*** Extracted material
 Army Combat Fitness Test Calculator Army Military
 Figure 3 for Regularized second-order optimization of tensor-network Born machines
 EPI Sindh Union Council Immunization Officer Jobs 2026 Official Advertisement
******
*** Extracted material
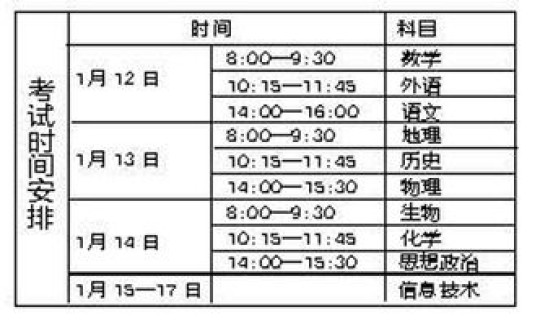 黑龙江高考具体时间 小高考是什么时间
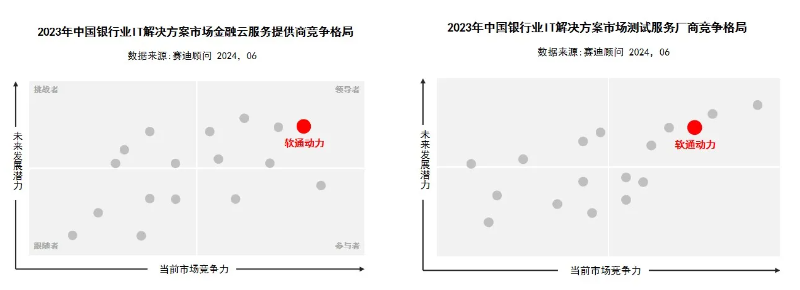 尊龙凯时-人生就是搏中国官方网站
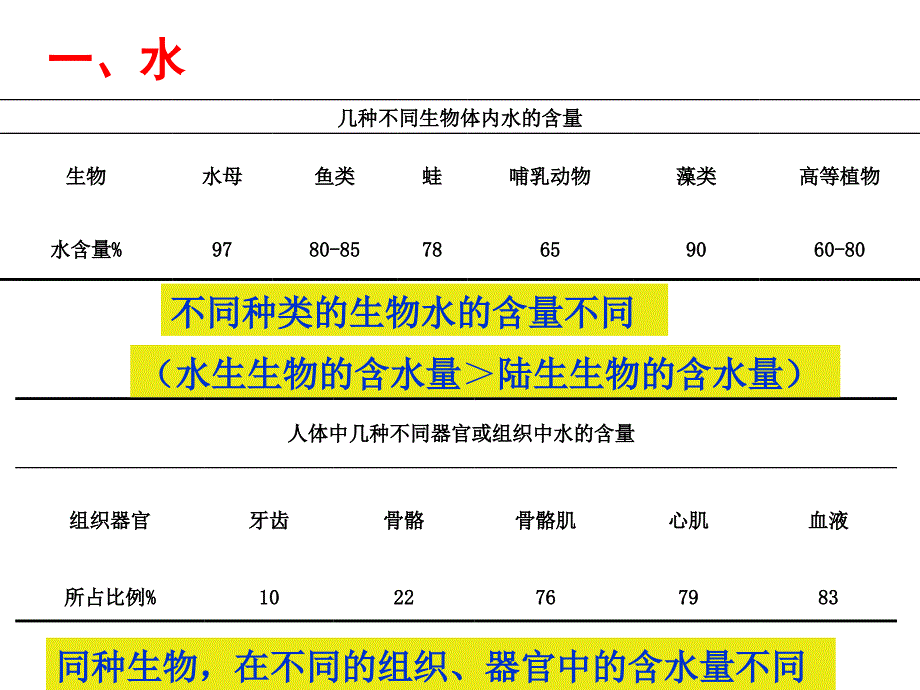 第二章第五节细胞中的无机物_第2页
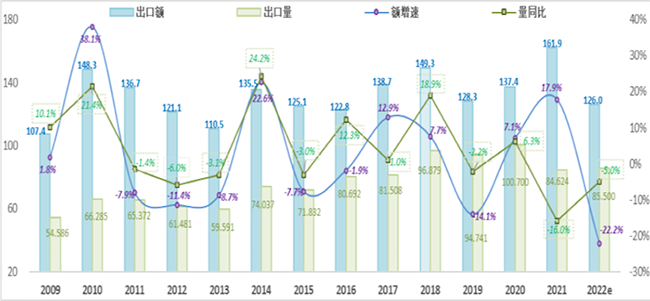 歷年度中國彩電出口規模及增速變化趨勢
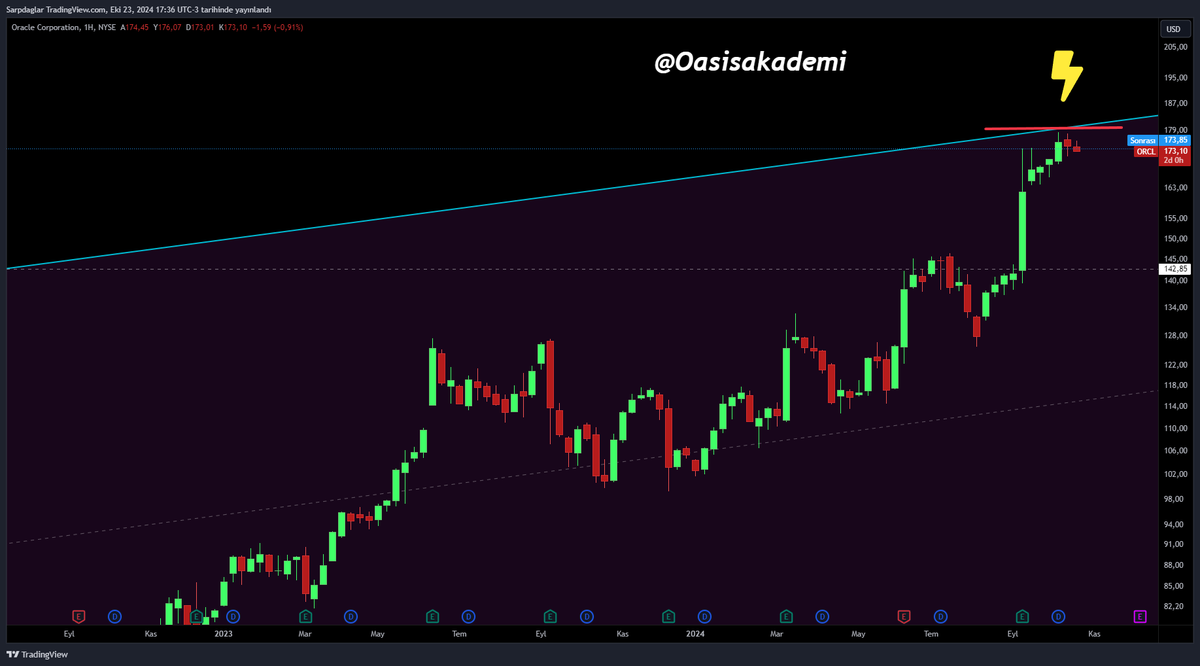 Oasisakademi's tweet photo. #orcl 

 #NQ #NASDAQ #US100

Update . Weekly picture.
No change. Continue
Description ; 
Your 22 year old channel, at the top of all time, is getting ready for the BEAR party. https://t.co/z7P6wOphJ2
******
* What is needed
Everything above from the line with "Update . Weekly picture." to the line with "Your 22 year", both included, must be repeated exactly, and nothing outside that range.

* Reply to the exercise
Update . Weekly picture.
No change. Continue
Description ; 
Your 22 year old channel, at the top of all time, is getting ready for the BEAR party. https://t.co/z7P6wOphJ2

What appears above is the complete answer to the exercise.